Fun_People Archive
17 Jun
A substantial opportunity for individual profit.
Content-Type: text/plain
Mime-Version: 1.0 (NeXT Mail 3.3 v118.2)
From: Peter Langston <psl>
Date: Mon, 17 Jun 96 13:34:26 -0700
To: Fun_People
Subject: A substantial opportunity for individual profit.
[Here's that e-mail you asked for... -psl]
Forwarded-by: Keith Bostic <bostic@bsdi.com>
Forwarded-by: Herb Peyerl <hpeyerl@beer.org>
Forwarded-by: ron@canuck.com (Ron Hill)
Recent increases in the volume of unsolicited commercial e-mail have created
a substantial opportunity for individual profit. Here's how it works:
Under US Code Title 47, Sec.227(b)(1)(C):
"It shall be unlawful for any person within the United States to
use any telephone facsimile machine, computer, or other device
to send an unsolicited advertisement to a telephone facsimile
machine"
A "telephone facsimile machine" is defined in Sec.227(a)(2)(B) as:
"equipment which has the capacity to transcribe text or images
(or both) from an electronic signal received over a regular
telephone line onto paper."
Under this definition, an e-mail account, modem, computer and printer
together constitute a fax machine.
The rights of action are as follows. Under Sec.227(b)(3)(B):
"A person or entity may, if otherwise permitted by the laws or
rules of court of a State, bring in an appropriate court of
that State --
(A) an action based on a violation of this subsection or the
regulations prescribed under this subsection to enjoin
such violation,
(B) an action to recover for actual monetary loss from such a
violation, or to receive $500 in damages for each such
violation, whichever is greater, or
(C) both such actions. If the court finds that the defendant
willfully or knowingly violated this subsection or the
regulations prescribed under this subsection, the court
may, in its discretion, increase the amount of the award
to an amount equal to not more than 3 times the amount
available under subparagraph (B) of this paragraph."

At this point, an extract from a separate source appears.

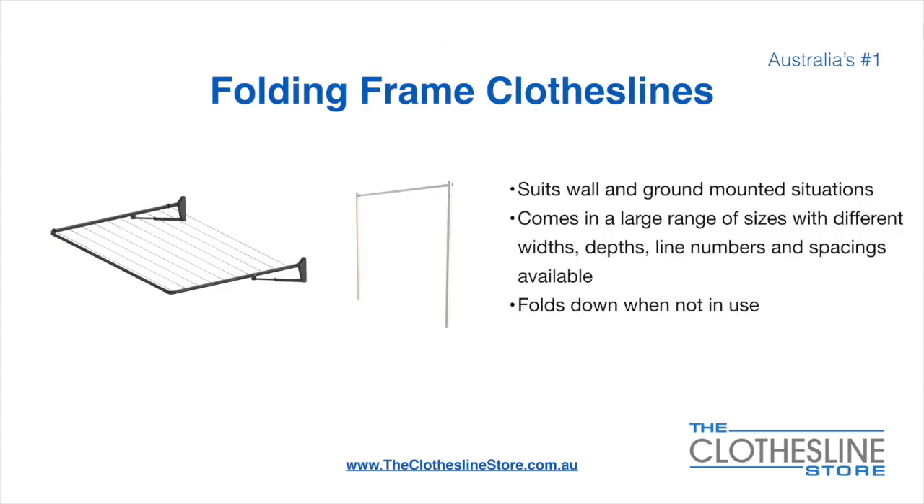The folding frame clothesline suits wall and ground-mounted situations. They come in a large range of sizes, with different widths, depths, line numbers, line spacings, and colours available. They also fold down when not in use, which is a very unique feature for this product.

That's right, you are entitled to receive *at least* $500 in damages from
the sender of each piece of unsolicited commercial e-mail originating in
the United States! But wait! There's more!
Just today, I received an unsolicited spam-mail ad from Cyber Promotions,
Inc. They weren't advertising a product; they were advertising their
*mailing list*! A mailing list with over 900,000 e-mail addresses! If they
sent their ad to everyone on that list, and if I get ads from just 0.01% of
those people, I'll end up with a cool $45,000 in my pocket! And that's from
the efforts of just *one* company! YIPPEE! I'M RICH!
I *really REALLY* hope I get spam from Hawaii this winter!